WHAT TO WORK ON
Copy out word for word the line with "navjivanindia_2026-05-04_75kgohhs_Kharge" and the lines that follow it in the listing below, up to the final one.

══════════════════════════════

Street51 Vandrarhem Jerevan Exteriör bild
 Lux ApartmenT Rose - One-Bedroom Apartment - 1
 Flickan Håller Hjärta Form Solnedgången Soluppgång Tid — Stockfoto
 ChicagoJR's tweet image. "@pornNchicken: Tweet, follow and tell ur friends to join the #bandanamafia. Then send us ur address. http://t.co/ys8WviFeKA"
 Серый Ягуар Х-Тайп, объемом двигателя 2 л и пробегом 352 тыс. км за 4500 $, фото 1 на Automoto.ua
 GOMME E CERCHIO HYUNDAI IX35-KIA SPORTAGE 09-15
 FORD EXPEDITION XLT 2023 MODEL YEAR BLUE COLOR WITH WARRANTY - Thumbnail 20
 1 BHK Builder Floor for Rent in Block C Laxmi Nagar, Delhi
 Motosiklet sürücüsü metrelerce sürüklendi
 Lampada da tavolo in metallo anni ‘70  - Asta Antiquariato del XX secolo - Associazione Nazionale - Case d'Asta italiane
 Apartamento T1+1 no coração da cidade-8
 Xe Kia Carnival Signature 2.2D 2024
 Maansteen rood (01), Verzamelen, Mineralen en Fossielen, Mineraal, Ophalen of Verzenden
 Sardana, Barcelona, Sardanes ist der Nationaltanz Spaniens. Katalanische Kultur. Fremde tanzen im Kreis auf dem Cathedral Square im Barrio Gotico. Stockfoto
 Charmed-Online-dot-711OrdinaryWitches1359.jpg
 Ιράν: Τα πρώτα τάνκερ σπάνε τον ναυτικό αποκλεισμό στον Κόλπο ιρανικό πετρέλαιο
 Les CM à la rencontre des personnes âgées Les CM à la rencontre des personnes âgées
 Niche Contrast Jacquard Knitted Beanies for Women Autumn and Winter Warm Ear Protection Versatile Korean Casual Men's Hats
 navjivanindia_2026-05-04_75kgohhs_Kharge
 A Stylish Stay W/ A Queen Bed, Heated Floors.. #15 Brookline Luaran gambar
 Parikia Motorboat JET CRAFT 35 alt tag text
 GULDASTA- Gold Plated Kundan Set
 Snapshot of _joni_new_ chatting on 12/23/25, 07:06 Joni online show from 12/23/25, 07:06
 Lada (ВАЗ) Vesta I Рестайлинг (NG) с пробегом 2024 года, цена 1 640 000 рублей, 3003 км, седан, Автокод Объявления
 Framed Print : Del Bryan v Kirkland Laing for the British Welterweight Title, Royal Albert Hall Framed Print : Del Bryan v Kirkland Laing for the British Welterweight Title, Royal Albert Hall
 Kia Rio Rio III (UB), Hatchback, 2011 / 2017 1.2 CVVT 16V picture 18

══════════════════════════════

WRITTEN REPLY
 navjivanindia_2026-05-04_75kgohhs_Kharge
 A Stylish Stay W/ A Queen Bed, Heated Floors.. #15 Brookline Luaran gambar
 Parikia Motorboat JET CRAFT 35 alt tag text
 GULDASTA- Gold Plated Kundan Set
 Snapshot of _joni_new_ chatting on 12/23/25, 07:06 Joni online show from 12/23/25, 07:06
 Lada (ВАЗ) Vesta I Рестайлинг (NG) с пробегом 2024 года, цена 1 640 000 рублей, 3003 км, седан, Автокод Объявления
 Framed Print : Del Bryan v Kirkland Laing for the British Welterweight Title, Royal Albert Hall Framed Print : Del Bryan v Kirkland Laing for the British Welterweight Title, Royal Albert Hall
 Kia Rio Rio III (UB), Hatchback, 2011 / 2017 1.2 CVVT 16V picture 18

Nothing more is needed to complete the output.